Add datasource value to records. #28

apotheon · 2017-04-09T15:48:55Z

@lbmn proposed new metadata:

The proposal involved a works_databases_references key to provide references to sources of information about works included in the list, as exemplified in a web paste for a YAML work submission @lbmn provided. This kind of thing could prove useful in the transition to a proper works database, with some automated population of new works entries and perhaps automated alerts of changes to projects behind existing entries based on those data sources.

At this time, datasources seems like a better metadata key name at this time, though the specific format of the values in the datasources array must still be considered. Please share any ideas and suggestions in comments here, or in discussion in the #copyfree and/or ##copyfree channels on freenode.

The text was updated successfully, but these errors were encountered:

lbmn · 2017-04-14T00:36:57Z

(0) Brainstorming The Reference Format Name

The temporary column name of works_databases_references in the web paste was in likeness to the existing CI conventions. CI is using the word "works" to refer to the various things in this data set (programs / scripting libraries / plug-ins / fonts, videos, books, etc). Spelling out the word "references" and use of underscores was mimicking the license_reference field. Together the name (although a bit verbose) is descriptive of the concept I am introducing.

Using datasources is ok, but it would be better if we were to think this through and come up with a unique name / initialism to define this concept, initiating a reusable and potentially standard way to reference downloadable works across various works databases. Since it would reference data sources that also contain non-copyfree works, we shouldn't use "copyfree" in the name.

I think the terms "content" and "package" combine to a good general term for what we are talking about. It is more descriptive than the term "work", which can be mistaken for other definitions of this word. Also a work can be unfinished, unpublished, not information-based, etc.

The term "content package" differs from using the word "package" alone, indicating that we can be talking about things other than software: ebooks, structured data packages, Web-site snapshots (ex. ZIM), videos, etc. It differs from using the word "content" alone to indicate something that isn't a free-flowing scrap of content (like this post) but an organized versioned aggregate of all the pieces needed for some end (like a source repository complete with issues discussions).

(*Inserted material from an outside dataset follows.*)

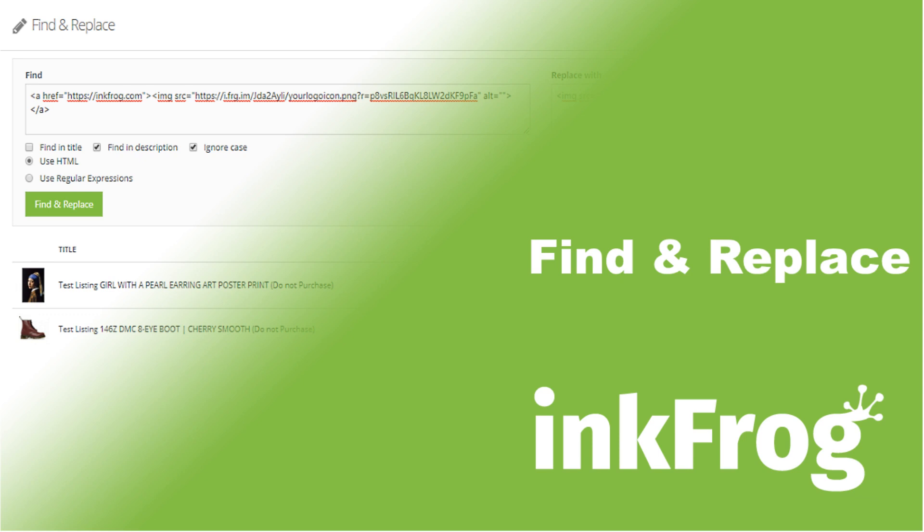If you're still receiving active content notices from eBay concerning your listings, InkFrog can help. Using InkFrog's improved find and replace feature, you can easily find and remove active content and update any links so that they're compliant within your eBay listing item descriptions.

And what we are defining here is a way to link to / reference to content package metadata with other database / authority / index. We are connecting different ecosystems: FreeBSD packages link to other FreeBSD packages (ex. as dependencies), and NPM packages link to other NPM packages, but we want to link to both. I think the term interlink is fitting.

And so, until I get better ideas, my suggested name for this standard is: Content Package Interlink Format, or C.P.I.F.! 😃

It's also a play on "copy if" - you may or may not want to copy this content package depending on the meta-data you in CPIF links.

But I hope someone suggests something better, so the name is of course subject to change.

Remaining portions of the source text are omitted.